Imaginary Girls(63)



I wasn’t sure what I’d seen. Had London just gone down to pay a visit to Olive while my sister sat there watching?

The phone in my pocket buzzed then, as if her eyes hung like stars in the night to record my every move through her town.

Her text said: wrk sucks. home soon. hope u want ice pops! bringing some for dinner

My fingers went to the keys of my phone to text her back. But what could I say—i saw u. i know ur not at work? Lie and make pretend and just go, ice pops for dinner yum?

I slipped the phone back in my pocket without a reply.

I crept out from behind the rock, fully intending to head back up to the house and wait for her to return home from “work,” thinking how I’d love an ice pop, hoping she brought back cherry, when there was a splash at my back. I turned to find the water settling, as if someone had shot up and plunged down before I could catch them.

I stepped closer to the water, until I was too close, until I was right there, the soles of my sandals up against its mouth. It was breathing.

Ruby had been clear when she said she didn’t want me swimming; I wasn’t going to defy her and dive in. I sure wasn’t going to come back up to the house all wet and have to explain how that happened, in case she got home before I could dry off.

All I did was slip one foot out of my sandal and dip in a single toe.

I let it touch the surface. I let it hold there, and I didn’t take it away.

The water was cold, as I’d heard London say, colder than you’d expect on a hot summer night. I let my foot dangle, the chill creeping up the length of me. Then, quick, I pulled my toe back and slipped on my sandal and stepped off the rocks.

Nothing happened tonight. Nothing I needed to tell Ruby about. Nothing with Owen. Nothing having to do with the reservoir. Nothing.

I was waiting to cross the road, letting a truck pass, when I heard the sound coasting through the trees. A low, creeping whistle choking and hissing and coughing out from the darkness.

I turned around to face the trees, and it decided to take that moment to stop.

But when I crossed the road, it started up again—growing fainter, the more distance I put between me and the reservoir, but still wanting to be heard. It reminded me of the shrieking hiss my sister had made when she was trying to imitate the old steam whistle. It sounded almost like that.

If it was a trick of my ears, it lasted all the way back up the hill, down the long length of porch the guys had been hammering at all day, and into the house, ever so faintly there even when I closed the door behind it, the sound seeping in through the window screens along with the chirps of the crickets.

I was still listening for it in the living room when my sister came in.
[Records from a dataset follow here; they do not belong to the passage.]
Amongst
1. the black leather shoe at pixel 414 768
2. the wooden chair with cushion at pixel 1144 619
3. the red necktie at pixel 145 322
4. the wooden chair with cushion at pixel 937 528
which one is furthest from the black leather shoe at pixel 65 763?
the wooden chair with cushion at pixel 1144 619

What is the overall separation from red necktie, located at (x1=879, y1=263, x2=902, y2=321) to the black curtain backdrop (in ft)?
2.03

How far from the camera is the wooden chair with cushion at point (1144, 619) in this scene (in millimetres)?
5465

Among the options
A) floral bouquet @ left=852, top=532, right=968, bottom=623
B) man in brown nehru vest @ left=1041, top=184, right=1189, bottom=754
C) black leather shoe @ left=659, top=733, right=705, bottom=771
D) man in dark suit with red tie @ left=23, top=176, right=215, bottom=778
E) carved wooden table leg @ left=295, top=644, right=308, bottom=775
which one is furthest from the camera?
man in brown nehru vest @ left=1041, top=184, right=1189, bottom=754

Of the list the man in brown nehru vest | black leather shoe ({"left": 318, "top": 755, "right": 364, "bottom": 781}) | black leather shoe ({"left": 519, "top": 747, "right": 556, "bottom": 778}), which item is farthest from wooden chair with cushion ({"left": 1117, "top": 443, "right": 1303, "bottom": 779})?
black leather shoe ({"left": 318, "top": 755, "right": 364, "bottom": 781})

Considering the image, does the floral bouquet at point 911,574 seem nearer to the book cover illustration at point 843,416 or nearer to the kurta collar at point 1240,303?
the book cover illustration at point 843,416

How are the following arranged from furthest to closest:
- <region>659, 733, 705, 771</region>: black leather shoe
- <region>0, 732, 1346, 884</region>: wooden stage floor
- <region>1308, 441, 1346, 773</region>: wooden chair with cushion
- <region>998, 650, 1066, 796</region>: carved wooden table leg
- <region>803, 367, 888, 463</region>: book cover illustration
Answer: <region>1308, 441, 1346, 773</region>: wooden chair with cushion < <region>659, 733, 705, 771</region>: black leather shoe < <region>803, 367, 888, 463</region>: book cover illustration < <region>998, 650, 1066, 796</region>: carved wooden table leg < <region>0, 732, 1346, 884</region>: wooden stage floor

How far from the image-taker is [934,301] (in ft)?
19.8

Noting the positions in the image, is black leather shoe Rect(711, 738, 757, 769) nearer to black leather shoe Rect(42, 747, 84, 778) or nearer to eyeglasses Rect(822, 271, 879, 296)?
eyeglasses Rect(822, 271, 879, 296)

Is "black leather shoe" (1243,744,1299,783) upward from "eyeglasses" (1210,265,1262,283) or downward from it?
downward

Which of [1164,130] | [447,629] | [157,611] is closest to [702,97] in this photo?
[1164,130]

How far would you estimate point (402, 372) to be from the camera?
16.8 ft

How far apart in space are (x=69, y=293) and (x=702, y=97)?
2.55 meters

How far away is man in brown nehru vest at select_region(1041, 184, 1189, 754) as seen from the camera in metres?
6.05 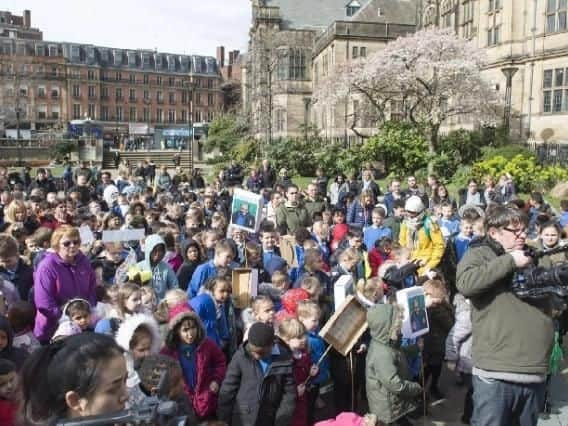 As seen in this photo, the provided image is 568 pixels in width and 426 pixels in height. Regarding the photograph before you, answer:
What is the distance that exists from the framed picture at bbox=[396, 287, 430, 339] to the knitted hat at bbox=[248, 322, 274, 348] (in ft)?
4.90

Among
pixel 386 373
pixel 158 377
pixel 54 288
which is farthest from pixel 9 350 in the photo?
pixel 386 373

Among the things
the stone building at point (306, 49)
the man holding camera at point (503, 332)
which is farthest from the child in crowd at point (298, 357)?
the stone building at point (306, 49)

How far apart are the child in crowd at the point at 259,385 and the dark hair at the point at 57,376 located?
233cm

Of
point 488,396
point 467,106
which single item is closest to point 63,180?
point 488,396

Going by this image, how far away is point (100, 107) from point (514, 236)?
332 feet

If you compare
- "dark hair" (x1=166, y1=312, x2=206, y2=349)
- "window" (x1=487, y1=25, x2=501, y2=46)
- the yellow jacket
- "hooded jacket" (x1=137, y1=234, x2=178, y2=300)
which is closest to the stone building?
"window" (x1=487, y1=25, x2=501, y2=46)

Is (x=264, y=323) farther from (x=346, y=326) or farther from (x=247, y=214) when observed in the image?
(x=247, y=214)

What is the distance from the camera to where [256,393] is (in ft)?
13.8

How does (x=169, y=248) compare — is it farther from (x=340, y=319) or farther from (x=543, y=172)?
(x=543, y=172)

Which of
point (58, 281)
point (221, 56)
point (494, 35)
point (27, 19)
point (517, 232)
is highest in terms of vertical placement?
point (27, 19)

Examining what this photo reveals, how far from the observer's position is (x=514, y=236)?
11.4ft

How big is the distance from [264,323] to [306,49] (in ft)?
176

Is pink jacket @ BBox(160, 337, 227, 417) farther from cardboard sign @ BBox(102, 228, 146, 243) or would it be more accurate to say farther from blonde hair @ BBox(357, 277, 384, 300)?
cardboard sign @ BBox(102, 228, 146, 243)

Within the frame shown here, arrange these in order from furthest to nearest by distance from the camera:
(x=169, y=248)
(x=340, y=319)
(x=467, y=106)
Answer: (x=467, y=106) → (x=169, y=248) → (x=340, y=319)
When she found me, her eyes narrowed. London wasn’t with her—maybe Ruby drove her home first. Her motorcycle boots were dripping with mud and her hair was partly wet and so was the hem of her slip and she smelled of it, the reservoir, she smelled of deep, dark things and untold secrets and all of what she was keeping from me, the first being that she never had a shift at Cumby’s. But she was the one to look at me all suspicious and say, “What are you doing, Chlo?”

“Nothing,” I said. I watched her carefully to see if she could hear it, too, but she made no mention of it, the wheezing, whining hiss seeping in through the window. It was growing fainter now, letting the crickets drown it out.

“Did something happen while I was at work?” she said. “You look different.”

“No, of course not.” I immediately thought of my room upstairs. If any evidence of what happened was in there . . . if she’d been upstairs, if she’d seen. “Did you just get home?” I asked, thinking fast.

“Yeah, did you?”

“No, I mean, yeah, I mean I was only outside and I only just came in.”

She circled the love seat, coming closer.

“I think I’m ready for bed,” I said, going the other way and heading for the stairs. “I’m tired.”

“But the ice pops. They’re in the freezer.”

“It’s okay. I’ll make sure to have one for breakfast.”

She eyed me as I walked the stairs to the landing. She eyed my legs as they climbed. She eyed my back and, through it, my beating heart. I turned at the landing before the next set of stairs, before I’d leap the gate and slip back into my room to check my sheets. I said, as casually as I could, “I think I’m gonna sleep in my room tonight.”

All week, we’d been sharing the big bed in the master bedroom, lounging up on the high mattress like royalty, if overheated royalty, since there was no air-conditioning and we had to use electric fans. Sleeping in that room was one of the perks of having the gate up and making Jonah stay downstairs.